SEKSUEEL MISBRUIK Volgens het rapport van Global Alliance over 9 Nike fabrieken in Indonesië, dat Nike in februari 2001 publiceerde, meldden 7,8% van de arbeiders dat ze het slachtoffer waren van ongewenste seksuele opmerkingen en 3,3% meldden ongepaste aanrakingen (Center for Societal Development Studies, 2001). De voor dit rapport geïnterviewde arbeiders beschreven een aantal stappen die werden gezet om dit probleem op te lossen. Opzichters en managers kregen een opleiding met de
bedoeling seksueel misbruik te ontmoedigen, en in de Nikomas Gemilang fabriek werden een aantal opzichters die van seksueel misbruik werden beschuldigd, ontslagen. De meeste arbeidsters wisten niet of hun medearbeidsters last hadden van ongewenste seksuele intimiteiten omdat het probleem in de Indonesische cultuur heel gevoelig ligt en dus niet openlijk besproken wordt.

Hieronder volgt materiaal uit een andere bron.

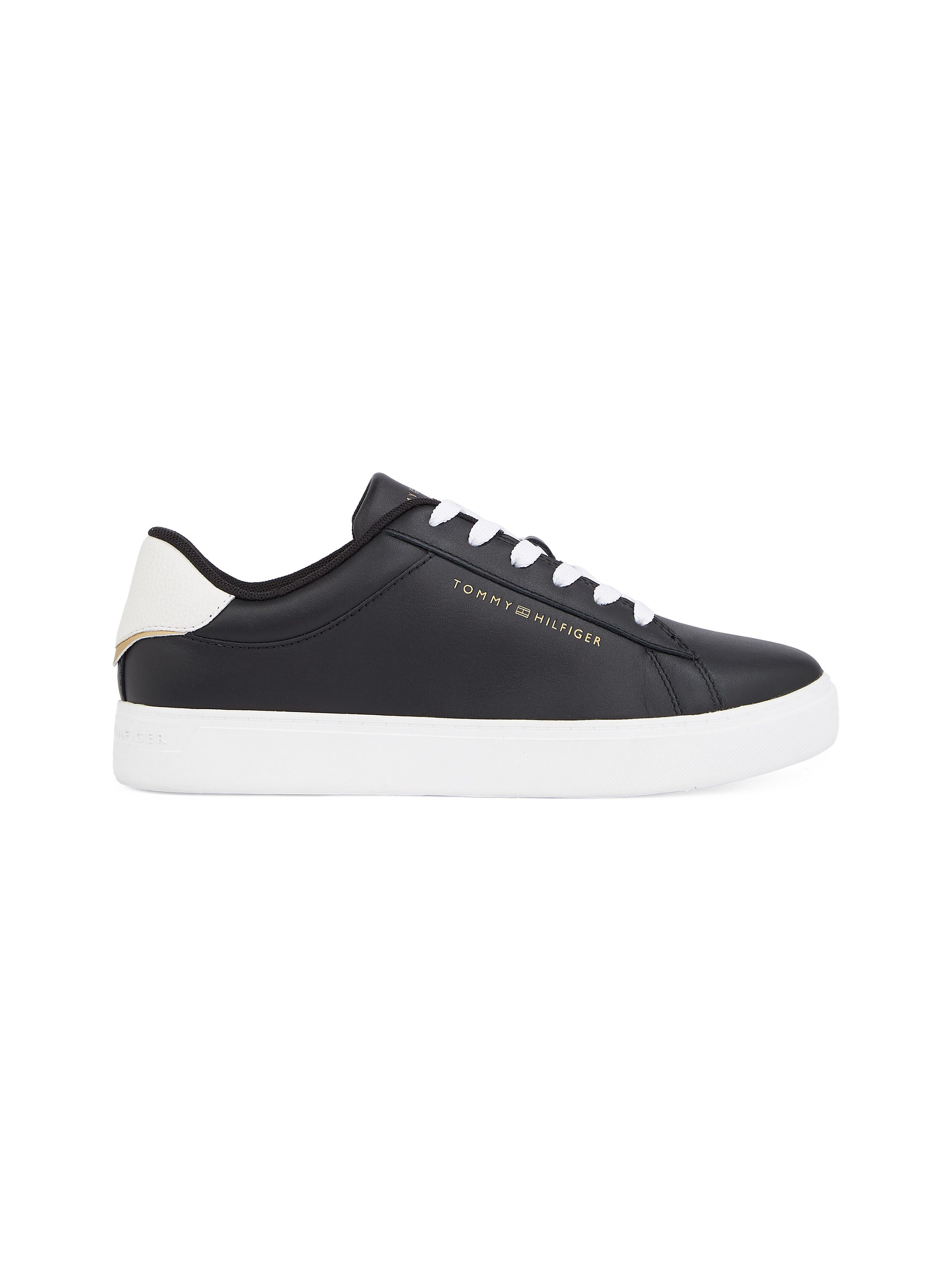 Tommy Hilfiger Plateausneakers ESSENTIAL COURT SNEAKER , vrijetijdsschoen, lage schoen, veterschoen met logo-opdruk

De meesten waren ervan overtuigd dat in hun fabriek seksueel misbruik tegenwoordig minder een probleem vormt dan in het verleden. Geen van de geïnterviewde arbeidsters was zelf seksueel lastiggevallen, maar sommigen merkten op dat seksueel misbruik op hun fabriek blijft voorkomen. Maar de arbeidsters zijn bang om het te melden omdat ze denken dat ze hun job zouden kunnen verliezen indien ze een lid van het management zouden beschuldigen.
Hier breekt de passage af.